Sam Bankman-Fried’s (SBF’s) legal team has petitioned the court to authorize the use of evidence concerning his investment in Anthropic, an artificial intelligence startup. In a letter addressed to Judge Lewis A. Kaplan, Bankman-Fried’s counsel contended that the prosecutors’ request on Sunday to omit any reference to Anthropic misrepresents the significance of the evidence.
Anthropic valuation crucial in Bankman-Fried’s defense
According to Bankman-Fried’s attorneys, the evidence of the current value of the Anthropic investment is squarely relevant to rebutting the government’s opening statement and testimony to date, as well as Mr. Bankman-Fried’s good faith. They emphasized that the prosecutors have repeatedly brought up Alameda’s venture investments during the trial, characterizing them as “risky” and “losing money.”
In response, Bankman-Fried’s legal team argued that they should be allowed to present testimony from Caroline Ellison about the nature of venture capital investing, particularly the portfolio approach. They asserted that the significant appreciation in Anthropic since last year reflects this important context and is relevant to testimony that the government has elicited from Ms. Ellison concerning expected value analyses.
The Department of Justice (DOJ), in its Sunday filing, stated that Bankman-Fried invested approximately $500 million in Anthropic in 2022, allegedly using funds that the government contends were taken from FTX customers.
The DOJ argued that presenting evidence regarding the current value of the defendant’s investments would only bolster the argument that FTX customers and/or other victims might eventually be fully compensated. The court, however, has already acknowledged that this line of reasoning is not a permissible purpose in this case. They cited several legal precedents where discussions on whether fraud victims would be fully compensated were deemed irrelevant to the charges.
Prosecutors argued that introducing such evidence would necessitate a “mini-trial” to assess the value of assets available through the FTX bankruptcy and the extent to which they could cover losses incurred by customers and creditors.
The filing additionally emphasized that the indictment asserts that the defendant engaged in wire fraud by unlawfully diverting FTX customer deposits for investments and other expenses. Whether or not some of these investments eventually turned out to be profitable is considered irrelevant to the charges.
Last week, Anthropic secured additional funding from Google and other investors, potentially elevating its valuation to around $30 billion. This surge in valuation could potentially enable FTX to achieve a “100% recovery rate” in assets as part of the ongoing bankruptcy proceedings, given Sam Bankman-Fried’s stake in the company, as noted by Kunchou Tsai, managing partner of the Taiwan-based Enlighten Law Group.
Wang faces grilling on part in FTX’s fall
Meanwhile, in the ongoing SBF trial, his legal team has requested permission to question FTX co-founder Gary Wang. Specifically, they aim to inquire whether legal advice influenced Wang’s acceptance of loans from the collapsed crypto exchange’s sister fund, Alameda Research.

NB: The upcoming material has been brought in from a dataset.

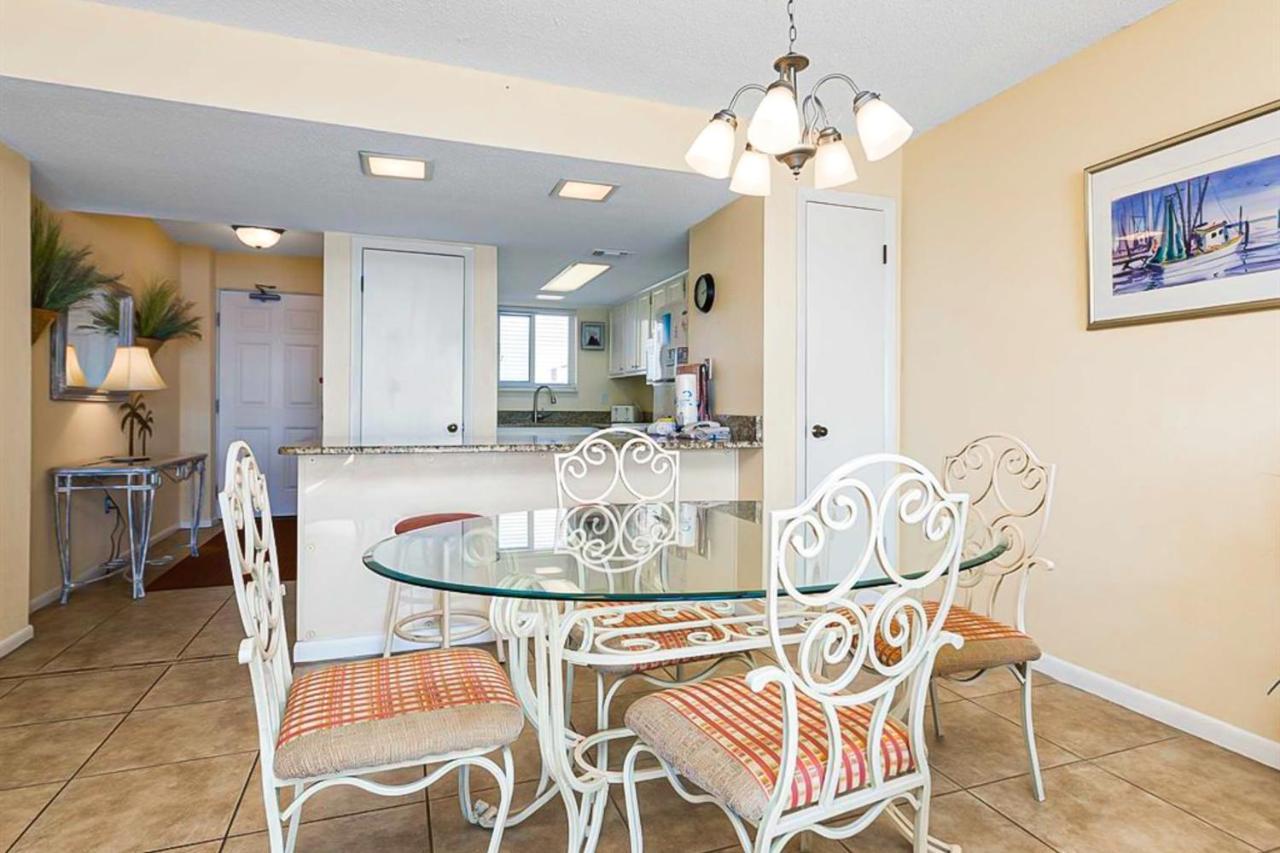 Driftwood Towers Villa Gulf Shores Buitenkant foto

This request came as the trial enters its second week and follows earlier limitations on Bankman-Fried’s ability to attribute the alleged fraud to his lawyers. Prosecutors have already examined the approximately $200 million to $300 million in loans that Wang received from Alameda Research, which he utilized for various venture investments and to purchase a residence in the Bahamas.

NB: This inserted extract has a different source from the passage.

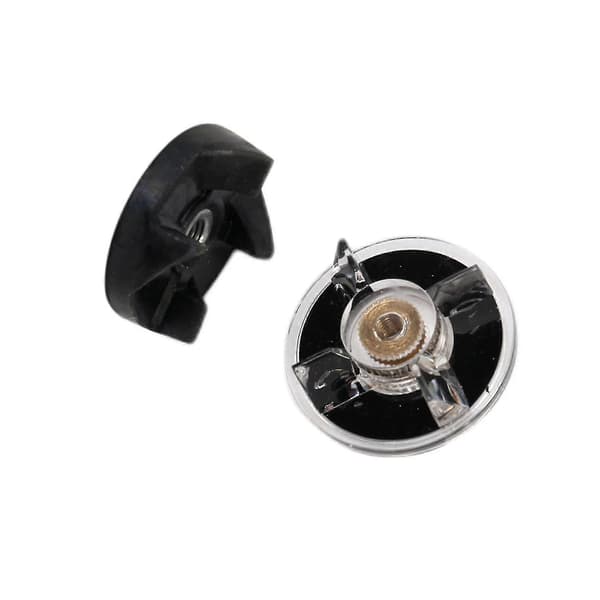 6 bundgear og klingereplacementdel, kompatibel med Magic Mb1001 250w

The filing explains that during the government’s direct examination of Wang, the FTX attorneys played a role in organizing and carrying out the loans and that Bankman-Fried was aware of their participation. As a result, the defense is seeking permission to conduct further cross-examination of Wang to delve into his understanding of the extent to which the lawyers were involved. They also seek to ascertain whether the FTX co-founder had any reservations about the loans at the time of their signing.